Value of reserves: Our analysis from December 2022 composition reports shows that all the stablecoins have sufficient reserves backing the stablecoin in terms of value. All the stable coins are 100% backed by reserves at a 1:1 ratio.

Quality of reserves: Reserves for most of the stablecoins are composed of cash reserves and cash equivalent reserves denominated in US Dollars (the reference asset for all three stablecoins) which can be seen as HQLA. USD Coin has the largest amount of cash reserves out of all three stablecoins (23.69%), this is greater than both Tether (7.93%) and Binance USD (3.42%). However, the reserves for Tether (largest stablecoin by market capitalisation) are also composed of “other investments” which may not be seen as HQLA. The breakdown of reserves for the three largest stablecoins by market capitalisation can be seen in the graph below.

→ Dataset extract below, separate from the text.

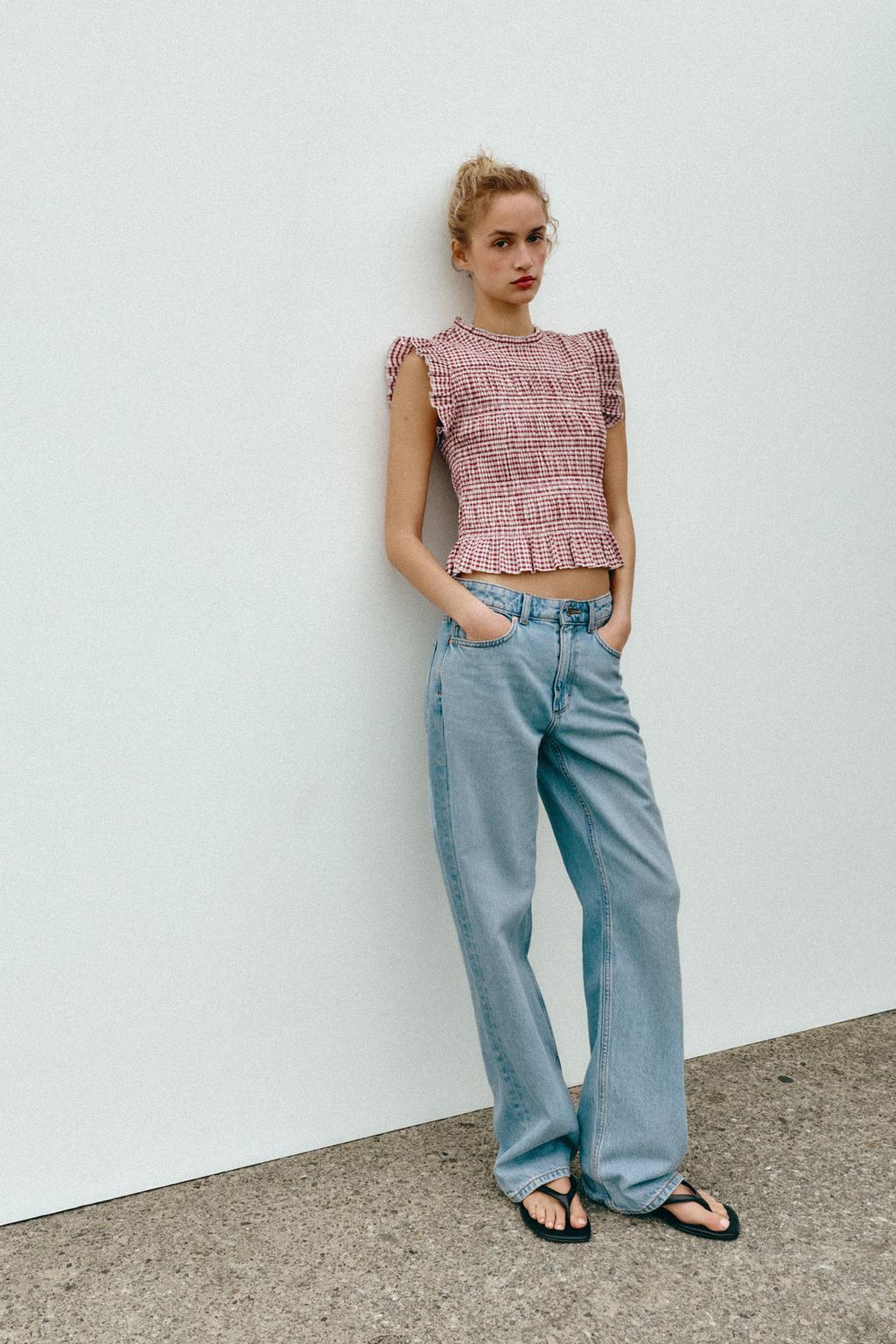 ТОП ИЗ ЖАТОЙ ТКАНИ В КЛЕТКУ ВИШИ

Transparency and valuation: Focusing on transparency, although all three are externally audited at least once a year, there are irregularities in the public disclosures of the value and composition of reserve assets. More specifically the composition of reserves are not disclosed weekly for all three stablecoins. The requirement of disclosing the value of reserves daily is only met by Tether and USDC out of all three stablecoins.

This analysis suggests that currently there are potential barriers to these stablecoins meeting the strict requirements to avoid being counted as Group 2b assets. However, transparency of stablecoin reserves is increasing - new regulatory requirements around fiat-backed stablecoins are imminent in the UK and EU, and the publication of the BCBS standards may act as a catalyst for stablecoin operators to increase the transparency and quality of their reserves.

A placement in Group 1b for a stablecoin would mean capital treatment generally based on the existing Basel framework. However, there may also be additional capital costs for assets which avoid Group 2b: add-ons may be levied for any infrastructure weaknesses; and stablecoins which do not meet the ongoing classification conditions will be subject to more prudent capital requirements of Group 2a (if the hedging criteria is met) or Group 2b (if the hedging criteria is not met). It also must be noted that algorithmic stablecoins do not qualify for Group 1b.

Conclusion

Ultimately, while the proposed regime remains stringent, it is not as tough as that consulted upon. The direction of travel appears to be towards a regime which will allow banks to conduct cryptoasset business but which will require high standards of risk management tailored to the risks of individual cryptoassets. A robust consultation period which supports local implementation and enhancement of the existing standards will allow firms to enter the marketplace with more certainty, currently there are more questions than answers.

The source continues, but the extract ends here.